YOUR GOAL — No pictures belong in the copy. Restate the rest of the data exactly.

COLLECTED DATA —
##########
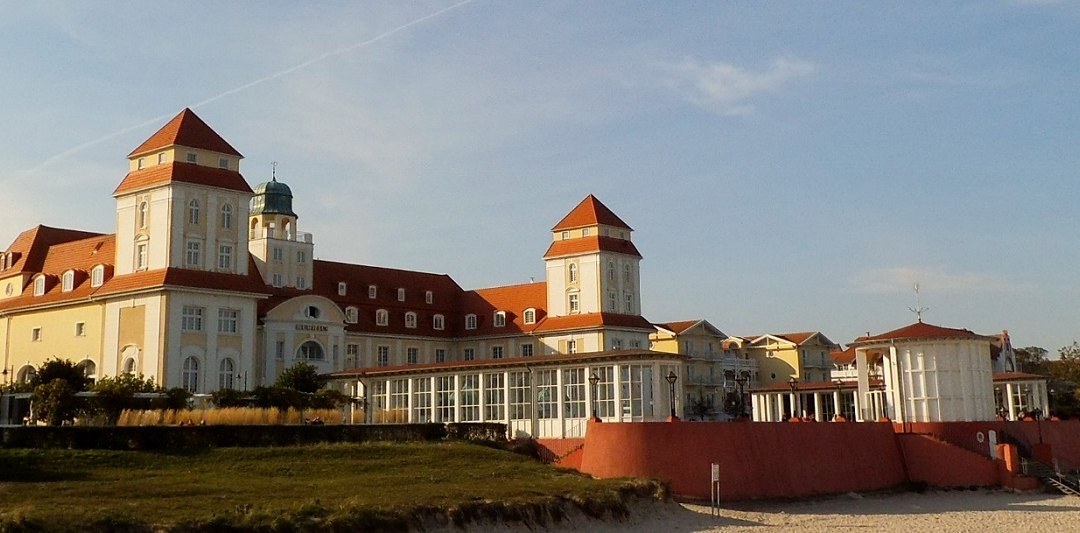 Kurplatz met Kurhaus op de achtergrond Zicht op het meer, © Tourismuszentrale Rügen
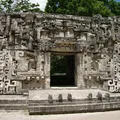 Ngôi nhà của Miệng Rắn - Chicanná, Mexico - Thumbnail 10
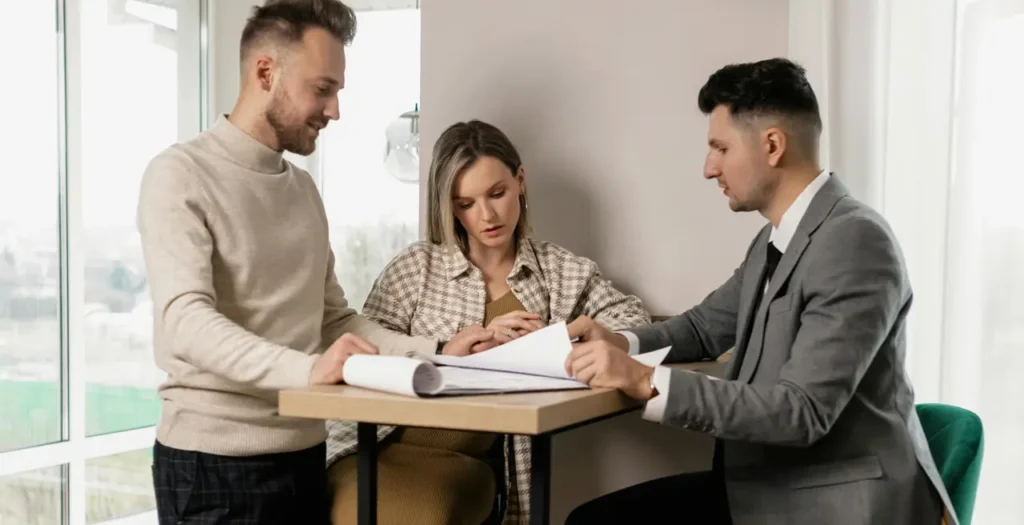 Estudio de Títulos: ¿Qué es?, su Importancia y Cómo Realizarlo Correctamente 11 Contratos Utilizados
##########
SOLUTION TO THE EXERCISE —
 Kurplatz met Kurhaus op de achtergrond Zicht op het meer, © Tourismuszentrale Rügen
 Ngôi nhà của Miệng Rắn - Chicanná, Mexico - Thumbnail 10
 Estudio de Títulos: ¿Qué es?, su Importancia y Cómo Realizarlo Correctamente 11 Contratos Utilizados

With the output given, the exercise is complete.